También destaca que las FARC tenían una comunicación absoluta. Por eso, dice que si lo llaman a la JEP (Jurisdicción Especial para la Paz), diría la verdad. Sabe que el proceso de paz también inició por voluntad de Uribe y cree que cuando les exigieron la verdad tanto a guerrilleros como a agentes del Estado bajo el gobierno de Santos, el expresidente quiso cambiar de opinión.

Afirma que sus mandos admitieron haber cometido un error cuando sucedió la masacre de Bojayá. El error de la guerra siempre es creer que no hay civiles en el medio o que no importan. El comandante, probablemente alias ‘Mapanao’, que dio la orden de estallar la iglesia, solo se concentró en los paramilitares atrincherados y no en las vidas de las 117 personas que cobraría después.

          —Se ha cumplido una mínima parte de los acuerdos y lo principal se dejó a un lado. Solamente han hecho cositas que son como echarle agua con sal a una herida—, comenta acerca de la reforma agraria que nunca sucedió y por la cual la vida de los campesinos hoy está peor—. La ley del campo eran las FARC. Cuando desaparecieron, nadie las reemplazó.

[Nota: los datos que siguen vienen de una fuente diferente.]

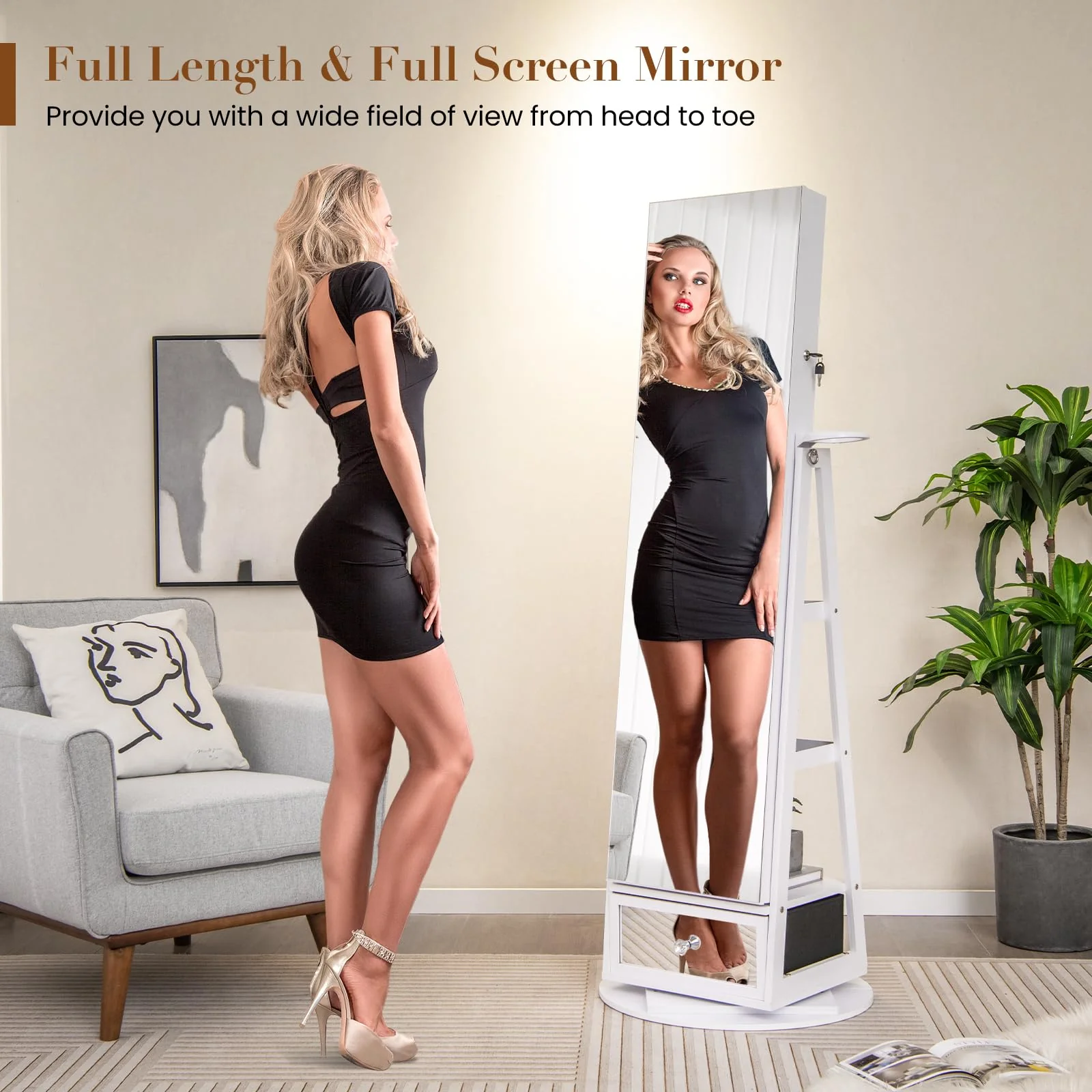 Giantex 360�� Swivel Jewelry Cabinet w/Full-Length Mirror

Dice que el Ejército está muy bien entrenado y tiene mucha capacidad, pero no le interesa intervenir. Prefiere dejar que los paramilitares y el Clan del Golfo se maten entre ellos.

          —¿Qué pasó con esa cantidad de hombres, aviación e inteligencia? En el monte se reportaban operativos diarios, dentro de la selva siempre se encontraban miles de soldados —observo.
          —Ahí identificamos el problema de Colombia —me dice—. Un guerrillero se parecía mucho más a un soldado. Ahora ni siquiera son capaces de pensar cómo es un narcotraficante o un terrorista.

No entiende qué hace conversando esta mañana de domingo cuando tiene tantas cosas qué hacer. No esperaba encontrarse con una periodista cuando le contaron que el ETCR estaba organizando el proyecto “A la cancha por primera vez” con un colectivo de hinchas que llevaría a los exguerrilleros y sus familias a ver un partido de fútbol en Medellín. Los periodistas con los que se ha encontrado siempre le hacen la misma pregunta:

          —¿Por qué nos atacaban tanto?
          —Los medios eran objetivo militar porque para nosotros tergiversaban mucho la información…
          —Pero muchos solamente podíamos tener la versión del Gobierno. Imagínese, si Caracol o RCN no iban a conversar con ustedes, ¿qué va poder un noticiero de Medellín que funciona con 20 dólares semanales?—, le cuento.
          —Ahora entiendo que hacerle oposición al Gobierno es un problema —y se ríe por primera vez.

Ahora, varias veces entre historias, me dice que era un guerrillero muy serio y se ríe. Con el proceso de paz, al principio se sentía inútil, porque en la guerrilla siempre lo ocupaban, le daban tareas. Porque John Freddy perdió sus dos brazos y parte de sus antebrazos en un accidente manejando explosivos, poco después de que su primera pareja muriera. Sonríe cuando me cuenta del día en que Manuel Marulanda lo distinguió. Usa esta palabra para describir cuando uno conoce a alguien.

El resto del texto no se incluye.